The Origin of Colorado State University

By Coleman Cornelius and Mark Luebker

Abe Lincoln

July 2, 1862

Land-grant Act: President Abraham Lincoln signs the Morrill Act. It provides states with public lands whose use and sale will fund colleges of agriculture and the mechanical arts to educate “the industrial classes.”

Harris Stratton

1868

College Envisioned: Local settler Harris Stratton, a territorial legislator, conceives of an agricultural college in Fort Collins.

Edward M. McCook

1870

Official Founding: Territorial Gov. Edward M. McCook signs the act that formally establishes the State Agricultural College of Colorado in Fort Collins. On Feb. 11, 2020, Colorado State will mark its 150th anniversary; sesquicentennial celebrations run throughout the 2019-2020 academic year.

claim shanty

1874

Claim Building: Locals construct a 16-by-24-foot brick structure at the corner of College Avenue and Laurel Street as evidence of good-faith plans to locate a college in Fort Collins. Five landowners and a Larimer County land company donated a total of 240 acres for use as the college site. (The donated land is different from acreage granted through the Morrill Act.)

Aug. 1, 1876

Statehood: Colorado becomes the 38th state. Now, it’s eligible to receive public lands to fund a college.

Old Main

July 27, 1878

Main Building: A cornerstone ceremony starts construction of the Main College Building near College Avenue and Laurel Street. It cost $8,800.
At first, it housed everything: classrooms, offices, and student and faculty rooms. Later called Old Main, the building was between Spruce Hall and the Glenn Morris Field House; it was destroyed by fire in 1970.

students

Sept. 1, 1879

Classes Start: The State Agricultural College of Colorado opens its doors, initially offering preparatory classes before students move into rigorous college studies.

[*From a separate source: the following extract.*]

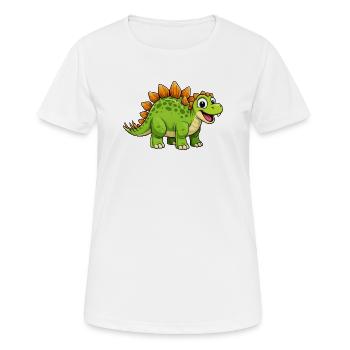 Dino Stegosaurus joyeux - T-shirt respirant Femme - blanc - Devant - AI Model Female 172 dark (172cm)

Just a few students enroll, but the number quickly expands to several dozen.

Libbie Coy

June 5, 1884

First Commencement: The first three students graduate with bachelor’s degrees: Libbie Coy, left, George H. Glover, and Leonidas “Lon” Loomis. They establish the University alumni association. Coy is hired as a college instructor and becomes a pillar of the campus and community; Glover establishes the college veterinary program and grows into a statewide veterinary leader; and Loomis becomes a successful area farmer.